DESCRIPTION OF THE TASK
Only the lines below from the one that contains "Hello Wargamers, I'm" through the one that contains "As for the listing, the" should appear in your answer, exact and without pictures.
Top of RECORD EXTRACTS
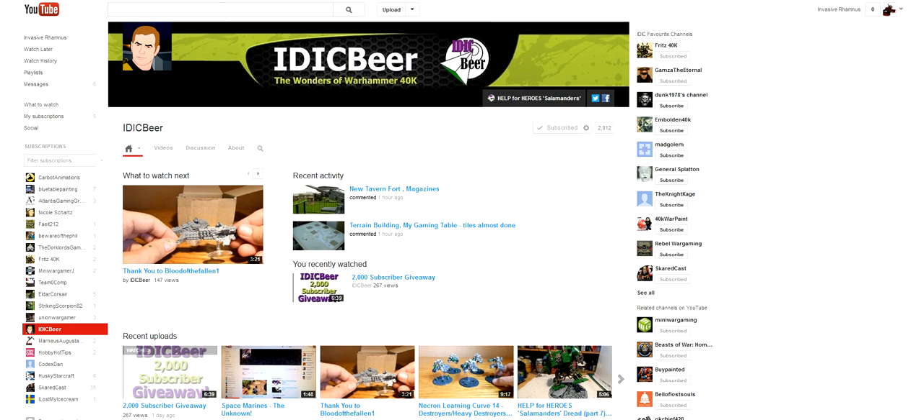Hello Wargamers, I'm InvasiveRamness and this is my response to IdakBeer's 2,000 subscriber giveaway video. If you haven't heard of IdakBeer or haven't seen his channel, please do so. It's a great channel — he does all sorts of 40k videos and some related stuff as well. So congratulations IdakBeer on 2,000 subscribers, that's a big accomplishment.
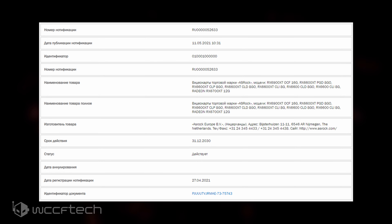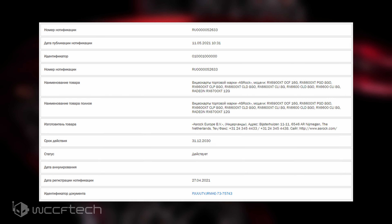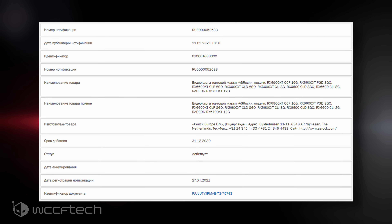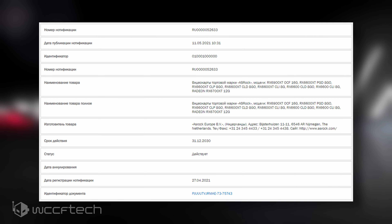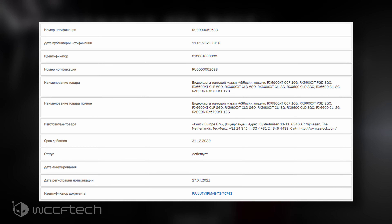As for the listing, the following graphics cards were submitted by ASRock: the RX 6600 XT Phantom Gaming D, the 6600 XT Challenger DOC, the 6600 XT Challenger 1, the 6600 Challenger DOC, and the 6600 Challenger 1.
Bottom of RECORD EXTRACTS
Top of RECORD EXTRACTS
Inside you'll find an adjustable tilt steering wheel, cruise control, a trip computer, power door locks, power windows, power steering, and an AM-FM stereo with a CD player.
Bottom of RECORD EXTRACTS
Top of RECORD EXTRACTS
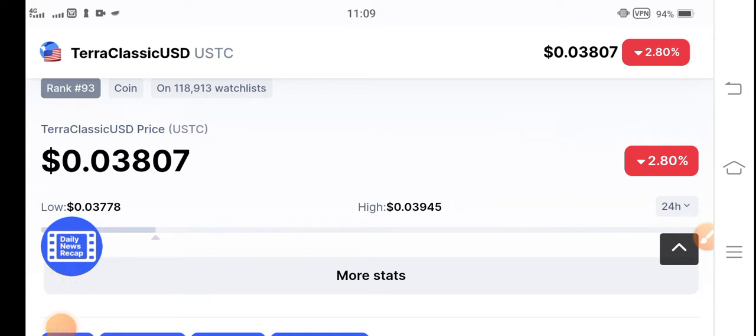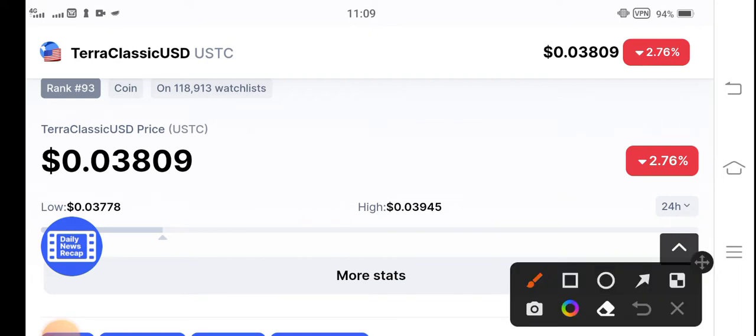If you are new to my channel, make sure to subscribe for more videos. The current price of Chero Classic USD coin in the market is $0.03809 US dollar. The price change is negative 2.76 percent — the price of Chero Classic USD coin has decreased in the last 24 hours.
Bottom of RECORD EXTRACTS
SOLUTION FOR THIS PROBLEM
Hello Wargamers, I'm InvasiveRamness and this is my response to IdakBeer's 2,000 subscriber giveaway video. If you haven't heard of IdakBeer or haven't seen his channel, please do so. It's a great channel — he does all sorts of 40k videos and some related stuff as well. So congratulations IdakBeer on 2,000 subscribers, that's a big accomplishment.
As for the listing, the following graphics cards were submitted by ASRock: the RX 6600 XT Phantom Gaming D, the 6600 XT Challenger DOC, the 6600 XT Challenger 1, the 6600 Challenger DOC, and the 6600 Challenger 1.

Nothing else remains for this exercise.